The New Sudoku Players' Forum

Website · by **denis_berthier** » Thu Jun 04, 2015 5:24 am

Mathimagics wrote:That was my gut feeling. Trouble is my solver (home grown using classical coding, ie. pretty basic) has far more difficuly with P103, so much that I was convinced I had a bug (or failure to adequately shave my domains).

My results do NOT mean in any way that your solver has a bug. Rating depends on the resolution model. If yours is different, then it's quite normal that you get different relative ratings.

Mathimagics wrote:You mentioned g-whips .... please don't. Is that another SAT or CSP package?
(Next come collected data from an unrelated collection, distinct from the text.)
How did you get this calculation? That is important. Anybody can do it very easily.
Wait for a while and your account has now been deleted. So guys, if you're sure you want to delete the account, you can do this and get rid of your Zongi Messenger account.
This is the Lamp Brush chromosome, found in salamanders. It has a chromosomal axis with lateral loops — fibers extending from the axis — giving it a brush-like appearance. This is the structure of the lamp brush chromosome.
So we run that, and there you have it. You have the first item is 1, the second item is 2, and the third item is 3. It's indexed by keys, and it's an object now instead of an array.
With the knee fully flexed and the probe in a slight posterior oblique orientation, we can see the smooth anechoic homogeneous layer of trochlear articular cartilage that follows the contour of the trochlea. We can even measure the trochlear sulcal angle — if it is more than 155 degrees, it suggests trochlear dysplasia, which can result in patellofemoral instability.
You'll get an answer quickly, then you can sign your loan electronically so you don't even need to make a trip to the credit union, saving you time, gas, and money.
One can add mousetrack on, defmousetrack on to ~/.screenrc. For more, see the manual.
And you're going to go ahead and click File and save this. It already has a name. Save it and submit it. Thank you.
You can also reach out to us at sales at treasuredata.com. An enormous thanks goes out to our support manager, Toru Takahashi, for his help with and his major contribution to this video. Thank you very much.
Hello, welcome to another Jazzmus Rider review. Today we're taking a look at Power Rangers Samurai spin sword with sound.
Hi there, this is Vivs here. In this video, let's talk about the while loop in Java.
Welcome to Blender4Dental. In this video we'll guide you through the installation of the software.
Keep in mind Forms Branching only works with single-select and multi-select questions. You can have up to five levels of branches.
All my results are based on my own CSP solving approach, which I call pattern-based. I can't summarise it here, but you can have an idea by skimming my last book, in which there's also a chapter on Kakuro solving.
The software I developed to implement my approach is CSP-Rules. It is a generic "pattern-based" CSP solver. I have generic rules for whips, braids, g-whips, g-braids, Subsets, ..., all the patterns I introduced in my books.
I have implemented specific interfaces for Sudoku, Futoshiki, Kakuro, Numbrix, Hidato, map colouring and Slitherlink. I have also a few application specific rules for each of these applications (indeed, a lot of rules for Slitherlink).
The ratings I mentioned above are universal, in the sense that they are based on resolution rules meaningful and valid in any finite CSP.

Mathimagics wrote: Every SAT or CSP package I try to install (I'm on Windoze) creates a new set of nightmares for me. MiniSAT, Copris/Scala, and the latest thing I'm trying to decide on is Choco....
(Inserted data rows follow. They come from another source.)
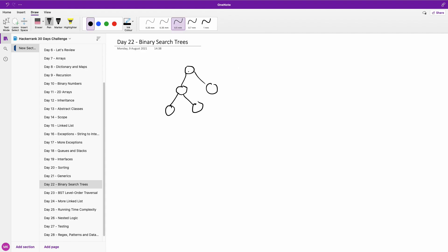Now what is the height of this tree? Let's start from an empty tree. The height of an empty tree is zero. Now if we add a left child, the height of this tree is zero plus one because we now have a left child here, so we have the height of this one plus one.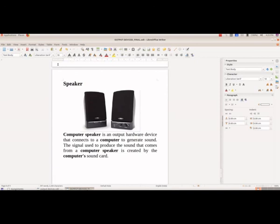And then the third type of output devices are the speakers. The speaker, as you know, is used to produce sound.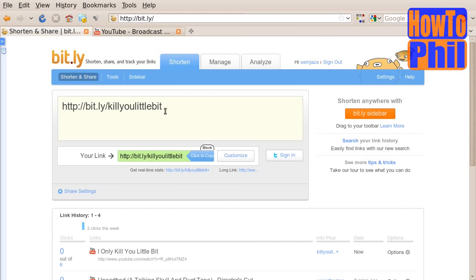You can now share this URL on Twitter, Facebook, email, and so forth.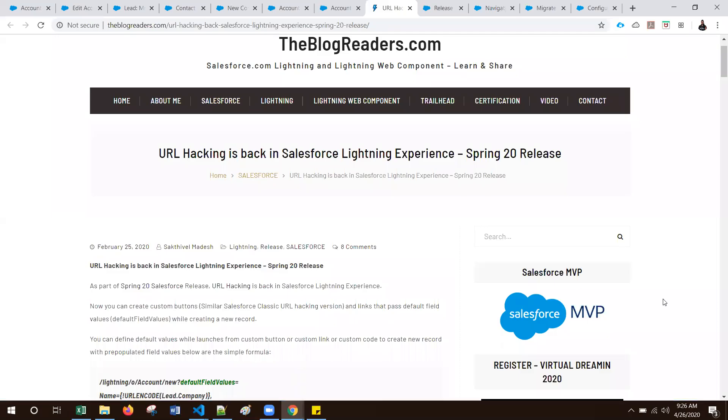Hello all, thanks for watching my video. In this video I demonstrate the URL hacking approach for Salesforce Lightning Experience.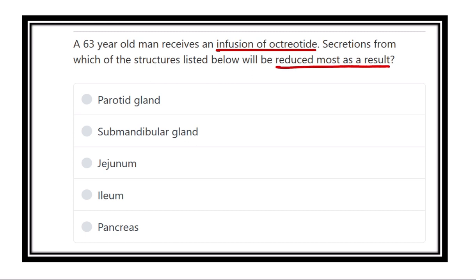That means the octatide reduces the function of which organ or gland. The options are: parotid gland, submandibular gland, jejunum, ileum, and pancreas.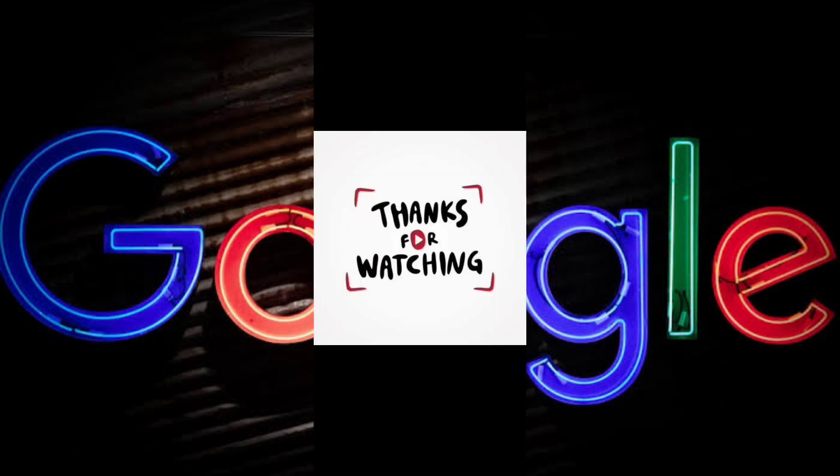Don't forget to like, comment, and subscribe. Also, ring the notification bell for you to be updated for newly uploaded tutorials. And I'll see you in the next video. Bye-bye.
All these softwares are based on general CSP-solving strategies, the adaptation to CSP problems of DFS or BFS with additional treatment for constraint propagation.

The main conceptual difference with my approach is, mine is "pattern-based", i.e. each elimination step is based on a well-defined and meaningful resolution rule. As I always use my default simplest-first strategy, I also get the "simplest" solution - in the sense of simplest hardest-step.
The practical difference is, general solvers, like DFS, BFS, SAT, ... or yours (probably), are much faster. The problem they solve is "exponentially" simpler than the problem I solve (simultaneous solving + rating). I don't mean my approach is better: the goals are totally different. When you develop a generator, you need a very fast solver. Using my solver within a generator would be very inefficient.
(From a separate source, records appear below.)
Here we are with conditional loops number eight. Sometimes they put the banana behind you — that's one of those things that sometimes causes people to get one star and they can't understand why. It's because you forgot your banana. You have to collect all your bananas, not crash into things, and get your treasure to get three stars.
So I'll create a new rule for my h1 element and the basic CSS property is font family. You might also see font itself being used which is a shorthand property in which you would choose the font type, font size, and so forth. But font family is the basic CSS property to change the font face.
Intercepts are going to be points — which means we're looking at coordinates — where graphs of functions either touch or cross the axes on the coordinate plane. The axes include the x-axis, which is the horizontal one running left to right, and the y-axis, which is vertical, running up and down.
by **Mathimagics** » Thu Jun 04, 2015 6:11 am

Oh, you've got a book, I'm sorry but I live in a dream world - my specialty for the past 5-7 years since retiring has been number theory (especially the generalised Pell equtaion) and developing fast algorithms for multi-precision computation of the standard functions (cos, exp, log, etc).

So I would love to get hold of your chapter on Kakuro, if that's at all possible! Maybe that'd suck me in to buying your book! 8-)

And I'd overlook your misspelling of my handle!

Well, anyway, I've learnt a few things in the week since I began this exercise, and one of them is just what you said :

denis_berthier wrote:When you develop a generator, you need a very fast solver. Using my solver within a generator would be very inefficient.

This became clear when I ran the Copris solver - if the puzzle is well-formed it takes a couple of seconds (99.9999% of that is cranking up the package) but give it an ambiguous definition, and ask it how many solutions there are, it dies in the derriere.

It is ok for simply testing for ambiguity, ie stop at 2, but that's hardly of any use.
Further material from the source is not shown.